Thomas D. Barrow, until recently a top executive of Exxon Corp., was elected today to be the chairman and chief executive officer of the embattled Kennecott Copper Corp., the country's largest copper producer.
Kennecott, meanwhile, announced it will go to the Supreme Court to appeal a lower court ruling ordering it to hold a rerun of last spring's proxy challenge, led by Curtiss-Wright Corp., to Kennecott's board of directors.
On Thursday, the U.S. Court of Appeals denied Kennecott's application for a stay of the earlier ruling.
Frank Milliken, 64, who is stepping aside as Kennecott chief executive after 17 years at the helm and who personally has been a key target of criticism of Curtiss-Wright's proxy challenge, will become chairman temporarily of the Kennecott board's executive committee, and then retire next January when he reaches age 65.
The appointment of Barrow, 35, did not come as a surprise since there had been numerous press reports that he had been negotiating with the Kennecott board for the company's top post. He resigned from Exxon Nov. 15 where he had been a senior vice president and was at one time considered in the running for either the presidency or chairmanship of the world's largest oil company.
A petroleum engineer and geologist by training, Barrow was responsible for exploration, production, and employe relations at Exxon as well as being the chairman of the company's investment advisory committee. He earlier had served as president of Exxon U.S.A., the corporation's principal domestic operating division, a position his father had held when the subsidiary was known as Humble Oil.
Barrow will take over Kennecott at a time when it faces continuing profitability problems because of the sustained worldwide slump in demand for copper on top of the difficulties generated by the Curtiss-Wright proxy challenge.
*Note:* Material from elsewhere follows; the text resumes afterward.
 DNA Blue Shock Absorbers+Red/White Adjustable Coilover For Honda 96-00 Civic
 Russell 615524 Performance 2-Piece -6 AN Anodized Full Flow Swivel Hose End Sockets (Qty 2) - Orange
For the first nine months of 1978, Kennecott lost $1.25 million, an improvement over the first three-quarters of 1977 when the company lost $4.4 million. For all of last year, Kennecott earned $7.3 million on sales of $977 million.
In an interview with the Dow Jones News Service, Barrow said today he had no plans to change substantially the direction Kennecott is heading and indicated he supported the company's acquisition last year of Carborundum Corp. for $567 million in cash -- a move that angered many shareholders and triggered the proxy battle.
Curtiss-Wright Chairman T. Roland Berner, in mounting the challenge said that if he gained control of the copper company he would sell off Carborundum and distribute the proceeds to shareholders. Kennecott had bought the upstate New York abrasives manufacturer with part of the $1.2 billion it received when it sold the Peabody Coal Co. on orders from the Federal Trade Commission.
"Carborundum is a little 3M," Barrow told Dow Jones, adding "it has got a whole lot of businesses" and indicating it represented the kind of diversification the copper producer needed to smooth the swings in the copper market.
Barrow said he did not intend to lead Kennecott into the oil business, but it should continue to look for other acquisitions.
Kennecott itself has been rumored as a possible acquisition target. Standard Oil Co. of Indiana (Amoco) in September confirmed the two companies had held talks about the possibility of "some form of association." But last month, Wall Street sources said a complex plan for Amoco to buy Kennecott for close to $1 billion and to then dispose of Carborundum to the Continental Group collapsed.